Well-known physics establishes that, compared to some reference frame (I'll denote as "stationary" here), one can do several things to start at rest, end at rest, and experience less time than objects in the stationary reference frame do, although one can not experience more time given the start and end at rest condition. The former can be accomplished by the following:
- Take a trip at relativistic speeds
- Approach to an object in a deep gravity well, approaching an event horizon potential
Question: Can either of these be done for an object with mass $m$ while expending a small amount of energy to do it, formally using an amount of energy $E\ll m c^2$? To be sufficiently clear, the requirement for traveling to the "distant future" is satisfied if $\Delta t_m \ll \Delta t$, meaning that the time experienced for the object in question is much less than that experienced by the stationary reference frame.
Conventional thinking is that #1 is simply not possible given my requirement. Any physical ship that let you planet-hop while living a single human lifetime would require spaceships that probably expend much more energy in the propellent than what the rest mass of the spaceship is. This is the relativistic rocket problem.
Thinking about #2 is what caused me to ask this question. Imagine a large black hole and a spaceship that starts off at a great distance from it. It then uses a small amount of energy to enter into a very highly elliptical orbit that comes close to the event horizon.

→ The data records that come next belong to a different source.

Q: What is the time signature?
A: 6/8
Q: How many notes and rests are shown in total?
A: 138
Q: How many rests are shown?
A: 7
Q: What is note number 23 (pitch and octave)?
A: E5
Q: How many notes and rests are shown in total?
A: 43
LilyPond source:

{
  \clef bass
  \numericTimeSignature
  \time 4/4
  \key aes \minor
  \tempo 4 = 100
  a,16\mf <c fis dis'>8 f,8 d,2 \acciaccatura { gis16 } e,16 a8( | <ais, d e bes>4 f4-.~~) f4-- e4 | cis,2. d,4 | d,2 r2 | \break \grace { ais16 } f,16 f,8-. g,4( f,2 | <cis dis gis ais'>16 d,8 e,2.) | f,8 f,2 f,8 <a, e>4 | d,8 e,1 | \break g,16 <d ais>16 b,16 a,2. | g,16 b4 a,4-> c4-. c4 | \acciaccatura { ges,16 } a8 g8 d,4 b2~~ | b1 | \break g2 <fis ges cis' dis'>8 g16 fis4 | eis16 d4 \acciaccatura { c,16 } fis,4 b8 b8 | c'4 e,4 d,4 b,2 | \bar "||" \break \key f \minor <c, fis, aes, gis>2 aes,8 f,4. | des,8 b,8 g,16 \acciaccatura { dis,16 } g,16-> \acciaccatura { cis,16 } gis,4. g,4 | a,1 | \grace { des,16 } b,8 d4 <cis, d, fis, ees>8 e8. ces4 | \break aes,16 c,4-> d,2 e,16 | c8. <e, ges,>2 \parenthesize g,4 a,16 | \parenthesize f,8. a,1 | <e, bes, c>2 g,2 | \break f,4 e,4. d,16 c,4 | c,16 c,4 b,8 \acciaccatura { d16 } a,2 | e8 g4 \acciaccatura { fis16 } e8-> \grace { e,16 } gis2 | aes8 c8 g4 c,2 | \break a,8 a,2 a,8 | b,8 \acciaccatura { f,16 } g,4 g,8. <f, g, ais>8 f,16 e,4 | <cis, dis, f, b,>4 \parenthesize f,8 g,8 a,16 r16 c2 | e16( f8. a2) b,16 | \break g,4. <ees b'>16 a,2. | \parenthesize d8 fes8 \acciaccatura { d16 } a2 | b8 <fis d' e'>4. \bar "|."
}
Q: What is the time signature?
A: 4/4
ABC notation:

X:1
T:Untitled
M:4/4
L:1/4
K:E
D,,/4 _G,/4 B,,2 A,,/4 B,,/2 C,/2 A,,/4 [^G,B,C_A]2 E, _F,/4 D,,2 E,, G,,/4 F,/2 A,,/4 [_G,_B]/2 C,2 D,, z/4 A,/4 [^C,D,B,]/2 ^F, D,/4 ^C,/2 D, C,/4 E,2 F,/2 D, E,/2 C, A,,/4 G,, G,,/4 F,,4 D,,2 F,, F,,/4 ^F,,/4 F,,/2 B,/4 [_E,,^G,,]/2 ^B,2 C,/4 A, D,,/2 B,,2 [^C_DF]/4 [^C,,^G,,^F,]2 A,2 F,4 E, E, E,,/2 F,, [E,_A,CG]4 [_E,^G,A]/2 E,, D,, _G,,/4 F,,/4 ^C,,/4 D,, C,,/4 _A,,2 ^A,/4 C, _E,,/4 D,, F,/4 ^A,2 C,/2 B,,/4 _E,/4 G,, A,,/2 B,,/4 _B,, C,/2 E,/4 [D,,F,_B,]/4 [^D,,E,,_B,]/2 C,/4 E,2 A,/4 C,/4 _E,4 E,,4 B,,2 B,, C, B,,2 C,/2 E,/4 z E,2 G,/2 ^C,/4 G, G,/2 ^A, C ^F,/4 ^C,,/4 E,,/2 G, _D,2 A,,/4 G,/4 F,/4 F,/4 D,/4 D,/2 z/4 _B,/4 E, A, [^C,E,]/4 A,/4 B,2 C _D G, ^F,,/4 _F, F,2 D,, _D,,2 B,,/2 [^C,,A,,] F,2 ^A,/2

I think (although I am not sure) it would seem to the stationary reference frame that the flyby takes a small amount of time. The spaceship would be going very fast (large time dilatation), but only for a short time and thus could not travel to the distant future and make it back out without using huge amounts of energy. You can introduce other possibilities, like a stationary planet-like surface where a traveler could sit to pass the time, but the escape potential renders this useless too.
Is it a fundamental reality that we can not use time dilation to go to the distance future without using extraordinary energy to do so, or do I simply lack the creativity to think of how?